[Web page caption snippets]
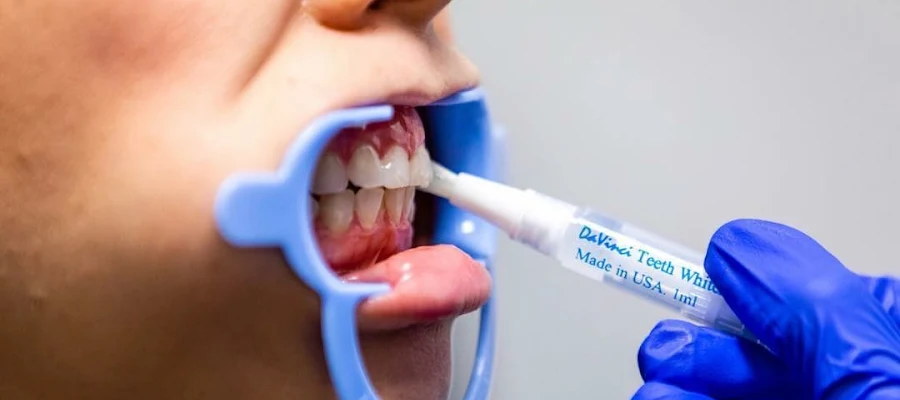 Flawless Teeth Whitening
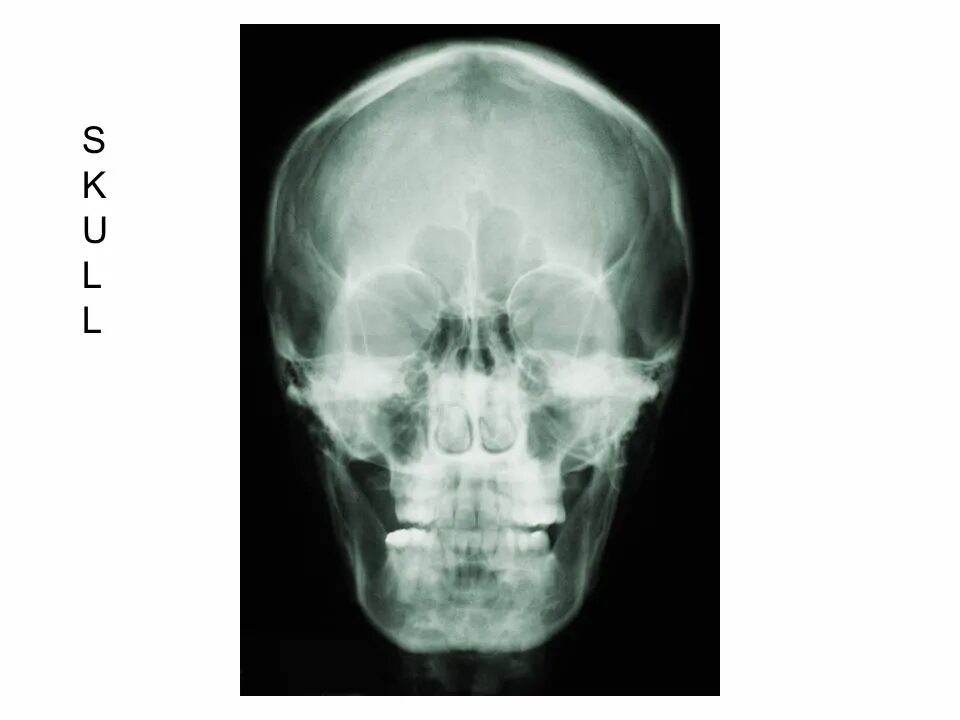 Трещина в голове. Перелом теменной кости черепа рентген. Перелом теменной кости рентген. Рентген затылочной кости черепа. Многооскольчатый перелом лобной кости.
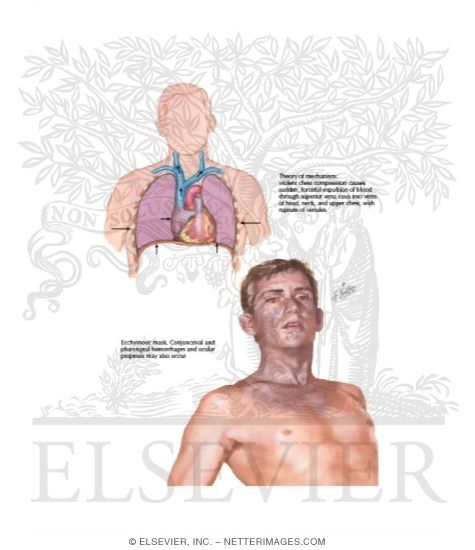 Traumatic Asphyxia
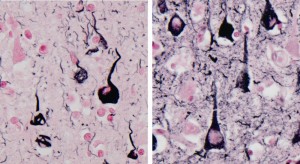 Neurofibrillary tangles observed in the brain of a human Alzheimer’s disease patient (left, black part), and neurofibrillary tangles observed in the brain of a Tsushima leopard cat (right, black part). © James K. Chambers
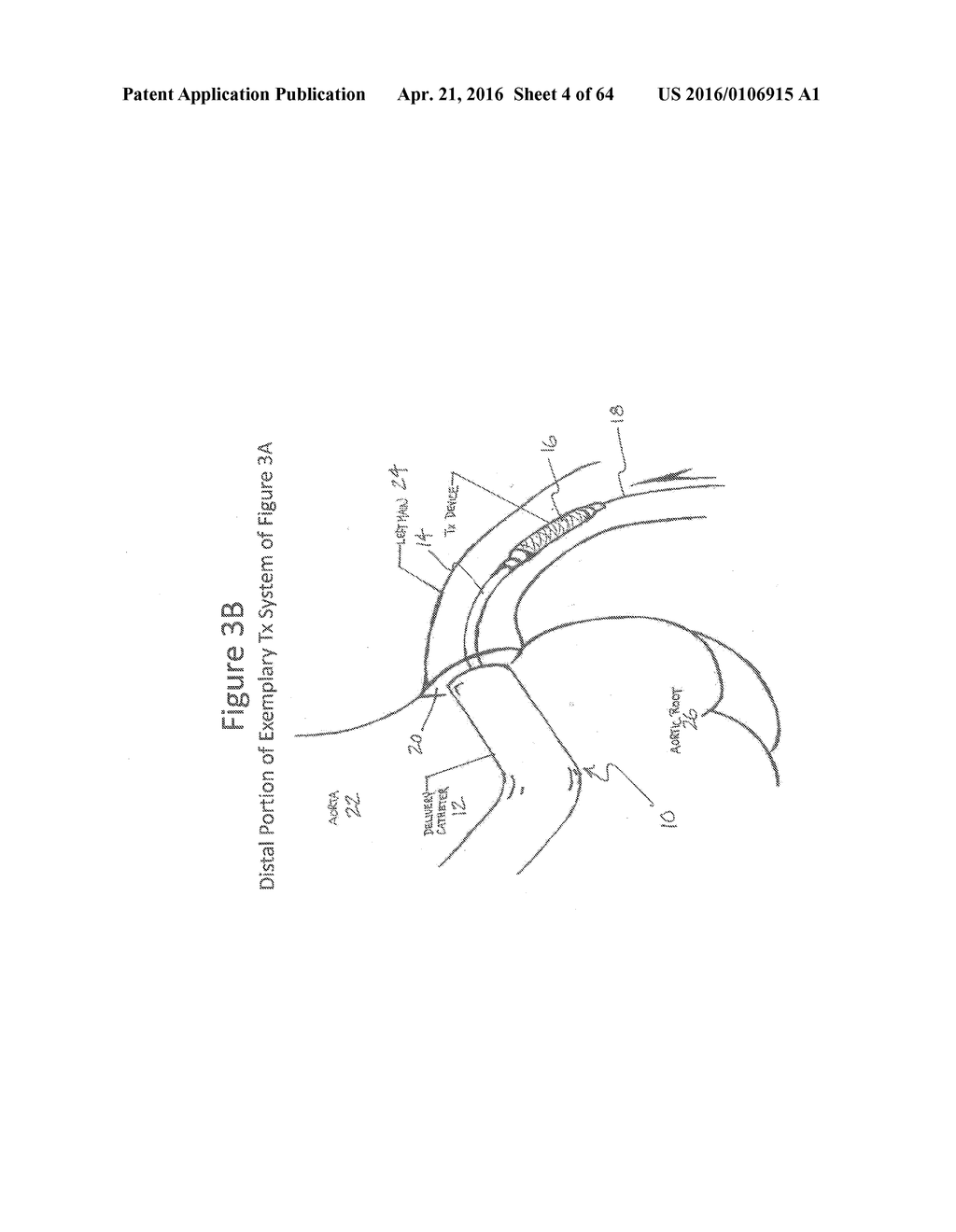 Adjustable Medium Diverter - diagram, schematic, and image 05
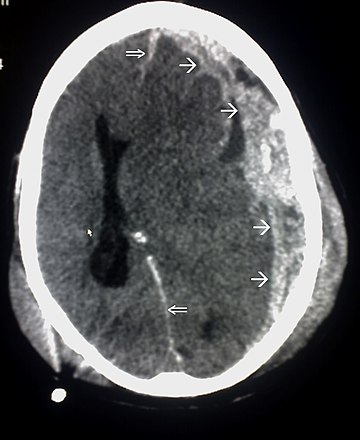 Schädel-Hirn-Trauma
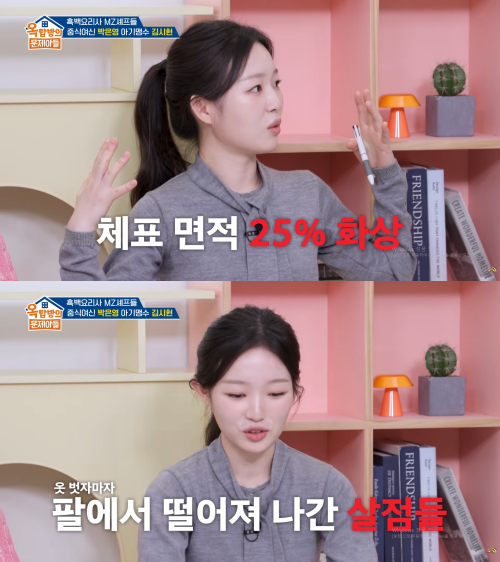 셰프 김시현이 화상을 입은 사연을 털어놨다. / KBS 2TV '옥문아'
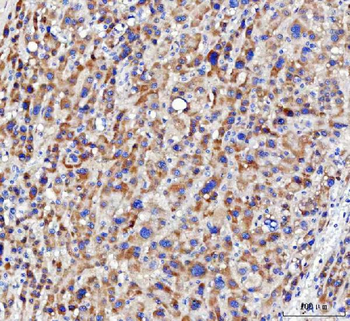 NUDT6 Rabbit Polyclonal Antibody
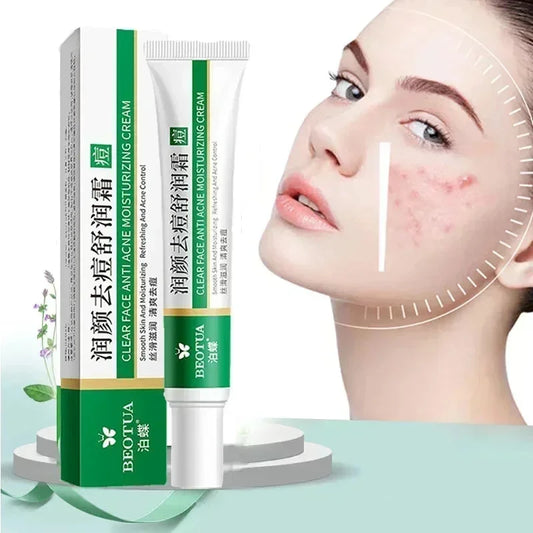 Herbal Acne Treatment Cream – Scar & Blackhead Remover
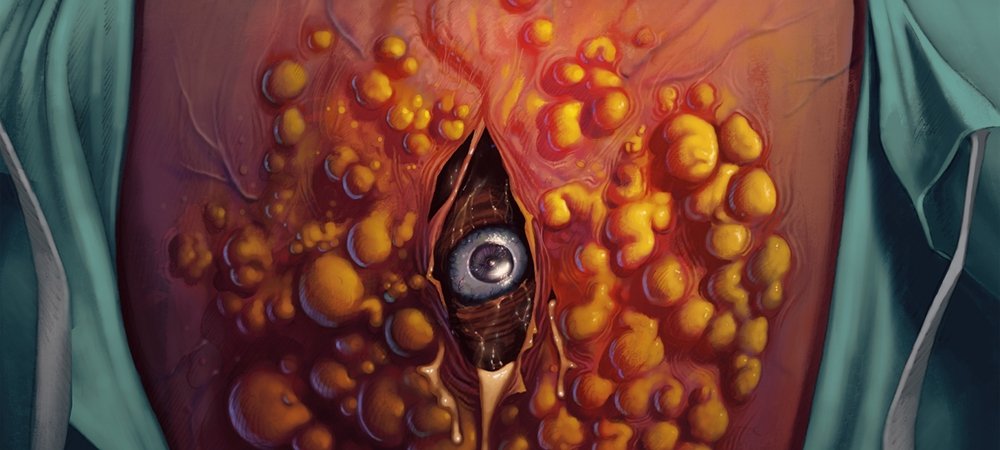Backdrop of Cyst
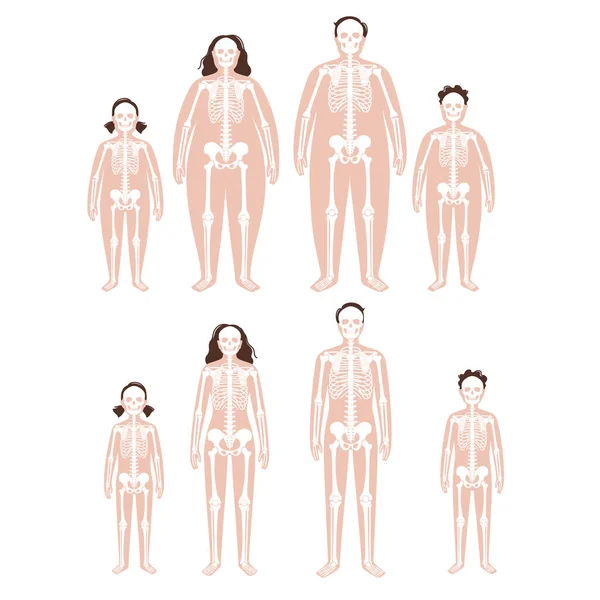 Anatomia dello scheletro obesa — Vettoriale Stock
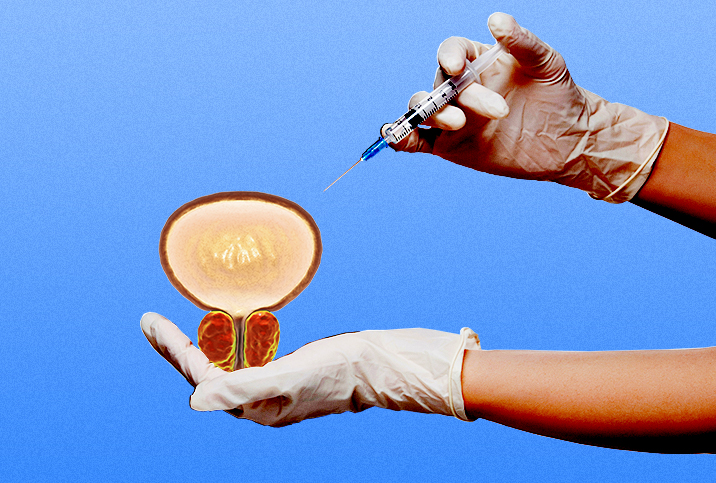 A hand holds an oversized prostate as the other hand uses a needle to inject medicine into it.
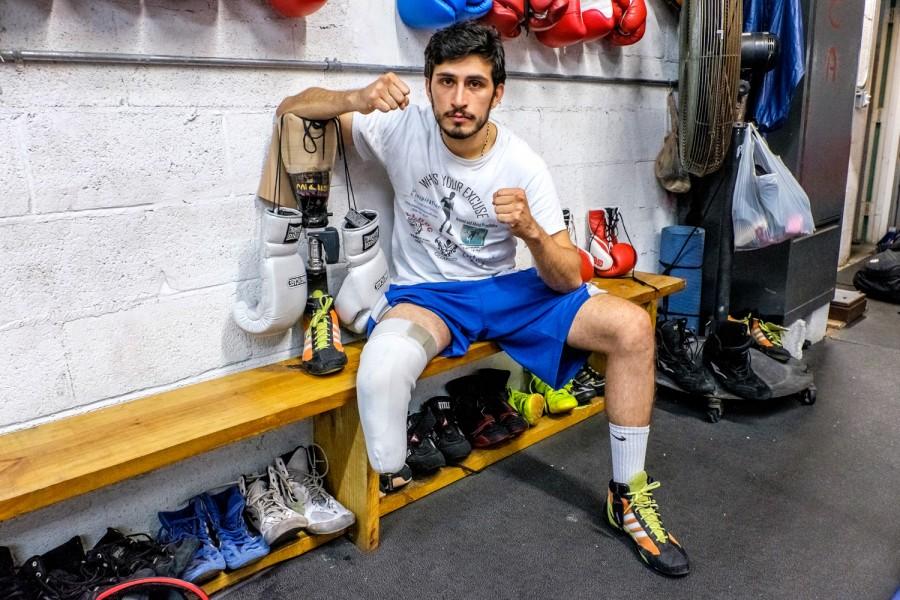 Diaz Mateus poses with his prosthetic leg off. Mohammed F. Emran | Staff Photographer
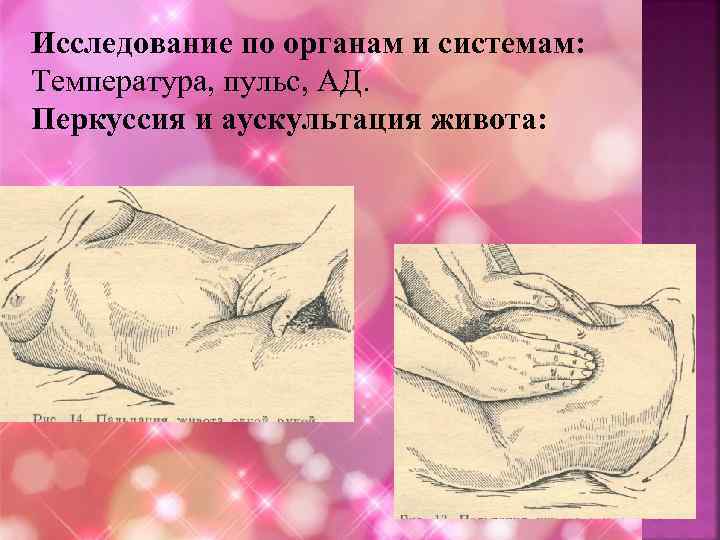 Исследование по органам и системам: Температура, пульс, АД. Перкуссия и аускультация живота: 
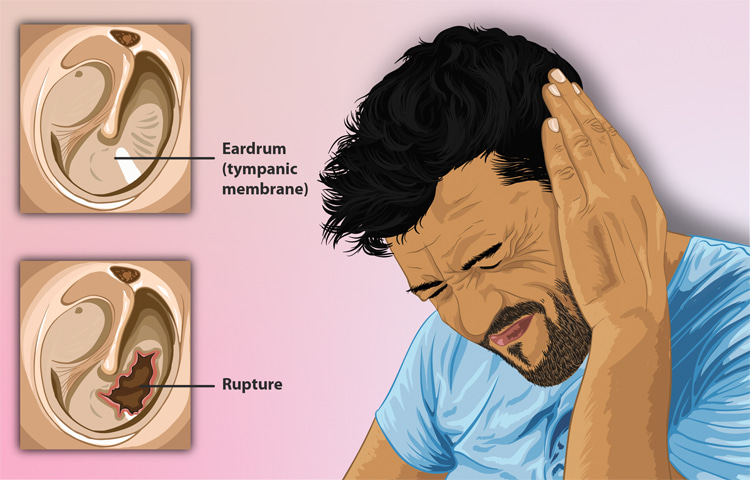 Tímpano perfurado: rasgo no tímpano causa muita dor |  Ilustração: Creative Commons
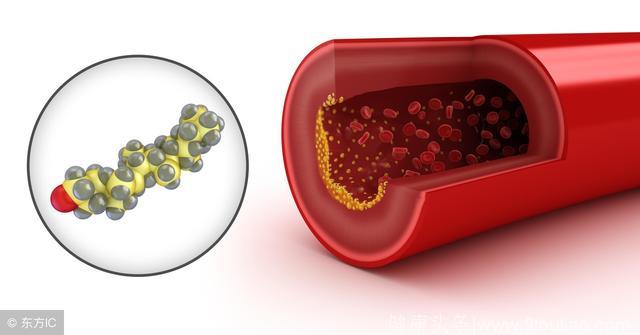 人到中年这四个信号一出现，说明血脂高了，改善血脂多吃2种食物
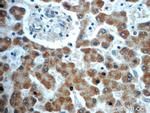 TIMM50 Antibody in Immunohistochemistry (Paraffin) (IHC (P))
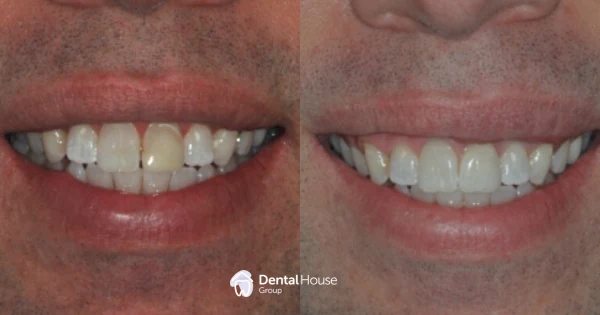 Porcelain Crown Discoloured Tooth Case Study in Sunbury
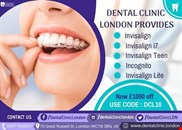 Our Dentist Offers Best Invisalign Deals in London for Your Oral Concerns
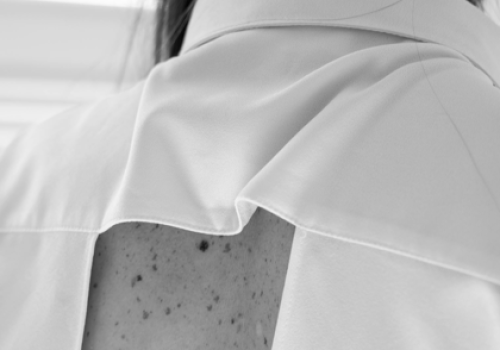 Łupież pstry - czy jest zaraźliwy?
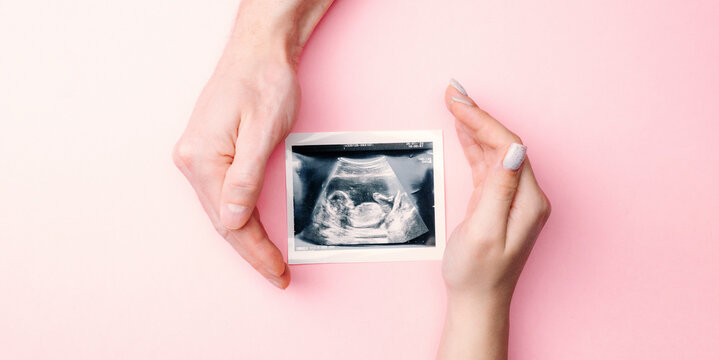 Ultrasound photo pregnancy baby. Woman hands holding ultrasound pregnant picture on pink background. Concept maternity, pregnancy, childbirth.
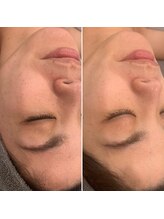 サロン アンド ビューティーエス(Salon&Beauty S)/毛穴洗浄♪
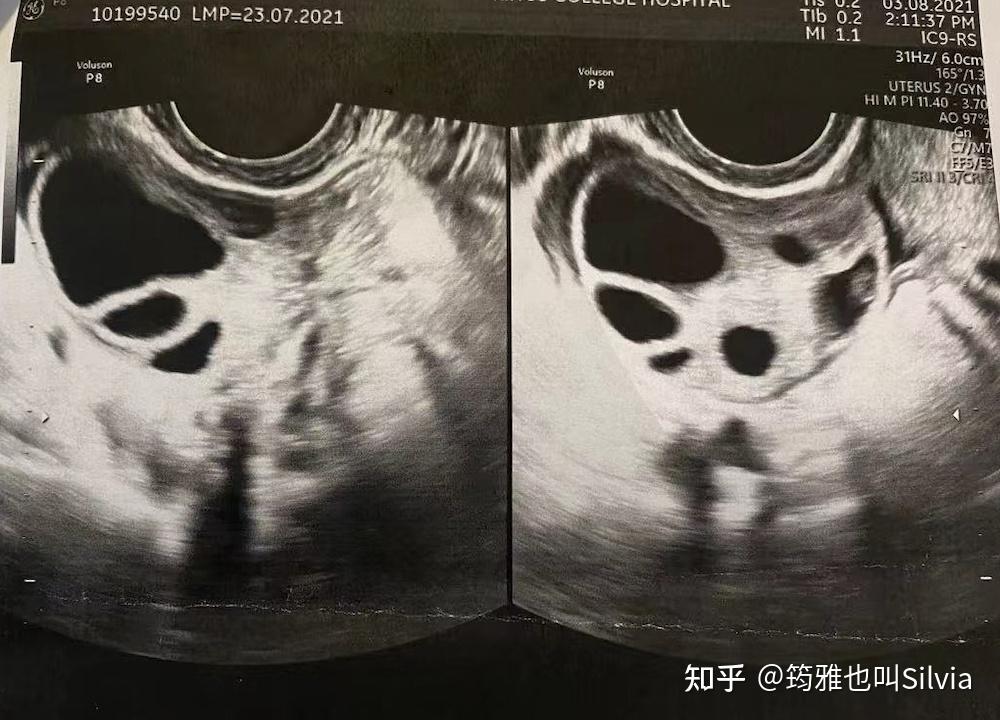 卵巢囊肿输卵管积水一波三折的海外腹腔镜手术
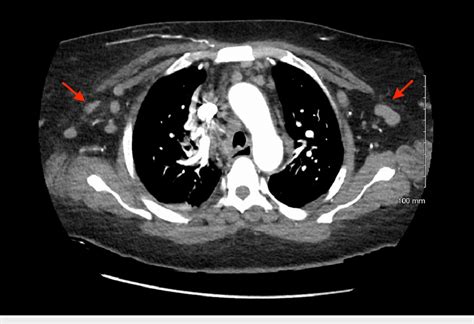 Ct Pulmonary Angiography Showing Bilateral Axillary Lymphadenopathy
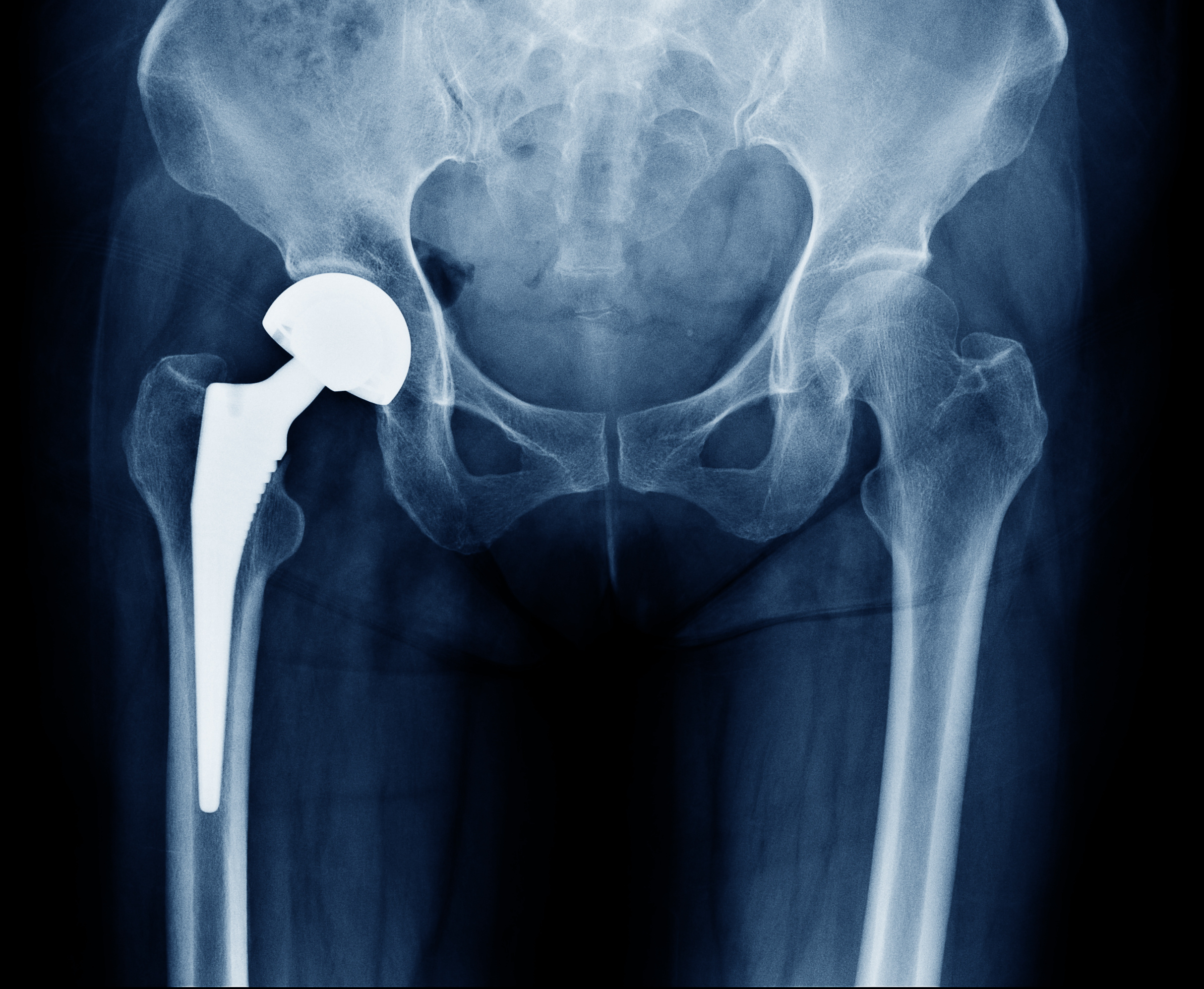 What Do My Joints Hurt Is It Arthritis Teach And Learn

GOAL OF THE EXERCISE => Please copy every entry exactly, without the pictures.

THE ANSWER =>
 Flawless Teeth Whitening
 Трещина в голове. Перелом теменной кости черепа рентген. Перелом теменной кости рентген. Рентген затылочной кости черепа. Многооскольчатый перелом лобной кости.
 Traumatic Asphyxia
 Neurofibrillary tangles observed in the brain of a human Alzheimer’s disease patient (left, black part), and neurofibrillary tangles observed in the brain of a Tsushima leopard cat (right, black part). © James K. Chambers
 Adjustable Medium Diverter - diagram, schematic, and image 05
 Schädel-Hirn-Trauma
 셰프 김시현이 화상을 입은 사연을 털어놨다. / KBS 2TV '옥문아'
 NUDT6 Rabbit Polyclonal Antibody
 Herbal Acne Treatment Cream – Scar & Blackhead Remover
Backdrop of Cyst
 Anatomia dello scheletro obesa — Vettoriale Stock
 A hand holds an oversized prostate as the other hand uses a needle to inject medicine into it.
 Diaz Mateus poses with his prosthetic leg off. Mohammed F. Emran | Staff Photographer
 Исследование по органам и системам: Температура, пульс, АД. Перкуссия и аускультация живота: 
 Tímpano perfurado: rasgo no tímpano causa muita dor |  Ilustração: Creative Commons
 人到中年这四个信号一出现，说明血脂高了，改善血脂多吃2种食物
 TIMM50 Antibody in Immunohistochemistry (Paraffin) (IHC (P))
 Porcelain Crown Discoloured Tooth Case Study in Sunbury
 Our Dentist Offers Best Invisalign Deals in London for Your Oral Concerns
 Łupież pstry - czy jest zaraźliwy?
 Ultrasound photo pregnancy baby. Woman hands holding ultrasound pregnant picture on pink background. Concept maternity, pregnancy, childbirth.
 サロン アンド ビューティーエス(Salon&Beauty S)/毛穴洗浄♪
 卵巢囊肿输卵管积水一波三折的海外腹腔镜手术
 Ct Pulmonary Angiography Showing Bilateral Axillary Lymphadenopathy
 What Do My Joints Hurt Is It Arthritis Teach And Learn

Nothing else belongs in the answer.